Short text fragments from websites:
################

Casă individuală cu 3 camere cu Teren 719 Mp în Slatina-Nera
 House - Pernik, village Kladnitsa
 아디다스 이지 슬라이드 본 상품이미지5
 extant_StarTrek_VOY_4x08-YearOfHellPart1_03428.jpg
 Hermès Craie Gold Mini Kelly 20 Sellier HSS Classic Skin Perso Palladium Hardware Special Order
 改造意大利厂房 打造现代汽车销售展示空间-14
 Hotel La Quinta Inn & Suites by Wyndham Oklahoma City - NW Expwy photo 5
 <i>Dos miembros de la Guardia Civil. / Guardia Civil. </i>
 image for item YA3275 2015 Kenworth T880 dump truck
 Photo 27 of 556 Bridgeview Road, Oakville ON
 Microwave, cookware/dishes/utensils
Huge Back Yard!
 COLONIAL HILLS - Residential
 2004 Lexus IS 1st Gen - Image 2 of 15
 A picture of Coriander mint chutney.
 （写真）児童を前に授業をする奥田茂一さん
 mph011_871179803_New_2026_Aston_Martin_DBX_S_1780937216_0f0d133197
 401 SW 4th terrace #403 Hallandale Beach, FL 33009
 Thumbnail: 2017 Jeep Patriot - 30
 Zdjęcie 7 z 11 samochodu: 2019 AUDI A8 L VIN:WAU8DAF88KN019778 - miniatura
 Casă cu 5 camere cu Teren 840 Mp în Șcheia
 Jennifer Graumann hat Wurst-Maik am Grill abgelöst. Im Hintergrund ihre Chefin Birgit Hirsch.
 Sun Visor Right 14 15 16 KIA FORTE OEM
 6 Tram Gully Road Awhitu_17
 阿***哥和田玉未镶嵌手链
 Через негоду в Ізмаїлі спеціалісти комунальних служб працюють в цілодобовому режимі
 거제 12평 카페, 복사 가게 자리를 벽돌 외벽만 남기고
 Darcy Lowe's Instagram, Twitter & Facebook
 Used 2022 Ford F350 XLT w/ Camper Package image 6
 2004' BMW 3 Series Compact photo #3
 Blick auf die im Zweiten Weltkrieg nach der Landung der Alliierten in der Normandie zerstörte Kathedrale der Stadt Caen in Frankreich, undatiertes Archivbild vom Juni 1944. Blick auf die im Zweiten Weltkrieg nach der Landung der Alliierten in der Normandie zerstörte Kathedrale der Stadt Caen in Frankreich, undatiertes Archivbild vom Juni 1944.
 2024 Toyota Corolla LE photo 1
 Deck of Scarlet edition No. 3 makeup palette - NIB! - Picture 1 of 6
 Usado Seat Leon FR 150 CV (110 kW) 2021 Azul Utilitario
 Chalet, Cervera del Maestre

################

## EXERCISE DIRECTIONS
All lines above between those holding "extant_StarTrek_VOY_4x08-YearOfHellPart1_03428.jpg" and "Hotel La Quinta", inclusive, must be set down unchanged, and no other line may be included.

## EXERCISE ANSWER
 extant_StarTrek_VOY_4x08-YearOfHellPart1_03428.jpg
 Hermès Craie Gold Mini Kelly 20 Sellier HSS Classic Skin Perso Palladium Hardware Special Order
 改造意大利厂房 打造现代汽车销售展示空间-14
 Hotel La Quinta Inn & Suites by Wyndham Oklahoma City - NW Expwy photo 5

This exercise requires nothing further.